◆ Work instructions:
Your answer should hold exactly the lines from the line containing "Люстра VITALUCE V3727-1/5PL" through the end of the entries that follow.
━━━━━ Provided records ━━━━━
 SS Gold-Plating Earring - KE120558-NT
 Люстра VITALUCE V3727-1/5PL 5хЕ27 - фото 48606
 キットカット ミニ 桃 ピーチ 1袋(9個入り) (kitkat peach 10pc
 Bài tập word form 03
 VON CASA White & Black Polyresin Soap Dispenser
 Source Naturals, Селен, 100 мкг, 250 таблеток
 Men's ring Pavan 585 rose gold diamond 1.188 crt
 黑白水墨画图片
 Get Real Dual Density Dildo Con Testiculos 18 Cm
━━━━━
◆ Exercise solution:
 Люстра VITALUCE V3727-1/5PL 5хЕ27 - фото 48606
 キットカット ミニ 桃 ピーチ 1袋(9個入り) (kitkat peach 10pc
 Bài tập word form 03
 VON CASA White & Black Polyresin Soap Dispenser
 Source Naturals, Селен, 100 мкг, 250 таблеток
 Men's ring Pavan 585 rose gold diamond 1.188 crt
 黑白水墨画图片
 Get Real Dual Density Dildo Con Testiculos 18 Cm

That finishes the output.